**WHAT YOU ARE ASKED TO DO:**
Once the line with "Bowl de madera" is found, write it out along with each later line exactly, through the end of the entries, skipping every picture.

(Web page caption snippets)

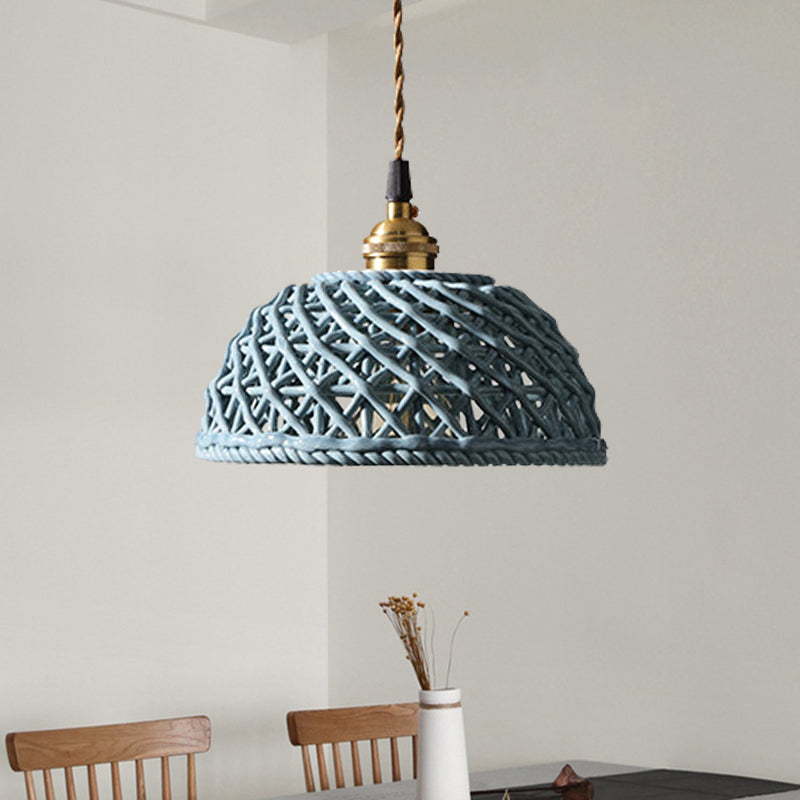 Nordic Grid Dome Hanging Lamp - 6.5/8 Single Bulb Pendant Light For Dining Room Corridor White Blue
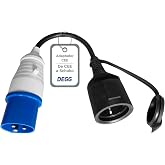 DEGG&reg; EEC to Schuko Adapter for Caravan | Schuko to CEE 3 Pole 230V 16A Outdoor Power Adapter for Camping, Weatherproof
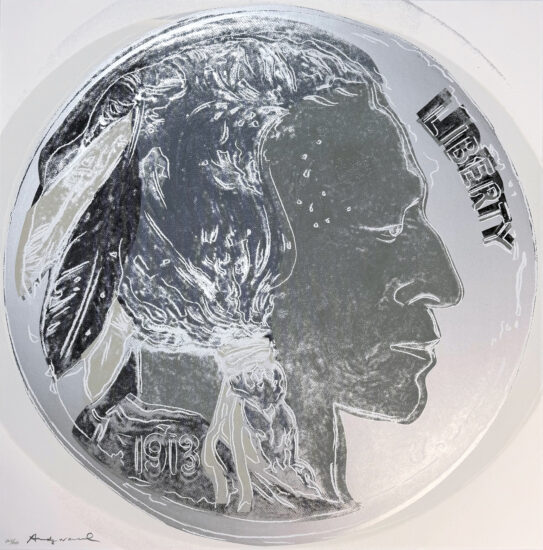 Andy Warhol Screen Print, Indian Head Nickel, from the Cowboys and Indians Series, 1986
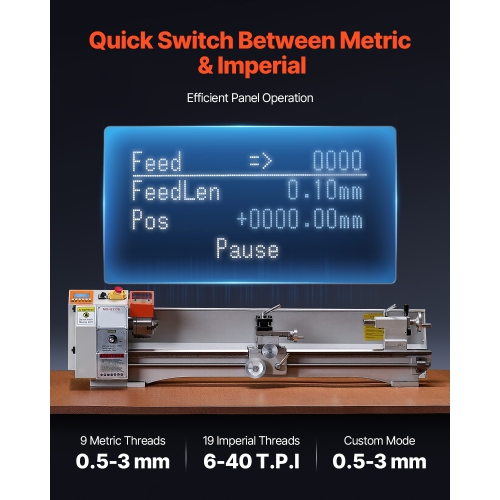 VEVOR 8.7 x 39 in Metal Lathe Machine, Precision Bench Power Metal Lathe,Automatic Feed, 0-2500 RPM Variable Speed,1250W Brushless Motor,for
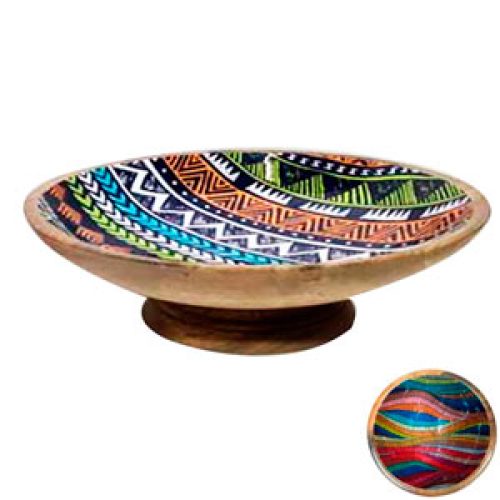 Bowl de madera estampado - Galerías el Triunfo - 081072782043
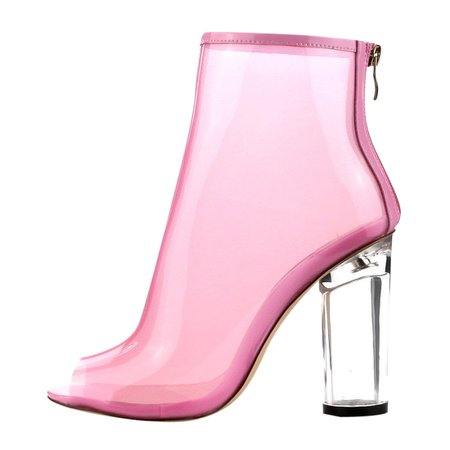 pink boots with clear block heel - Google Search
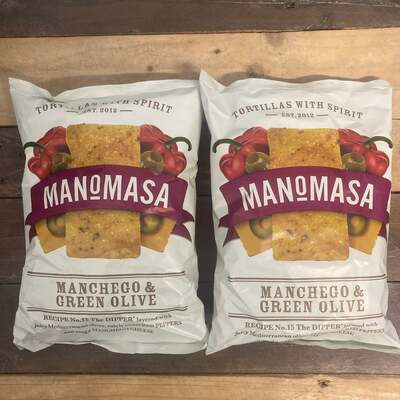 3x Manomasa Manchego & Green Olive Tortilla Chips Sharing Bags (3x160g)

**WRITTEN REPLY:**
 Bowl de madera estampado - Galerías el Triunfo - 081072782043
 pink boots with clear block heel - Google Search
 3x Manomasa Manchego & Green Olive Tortilla Chips Sharing Bags (3x160g)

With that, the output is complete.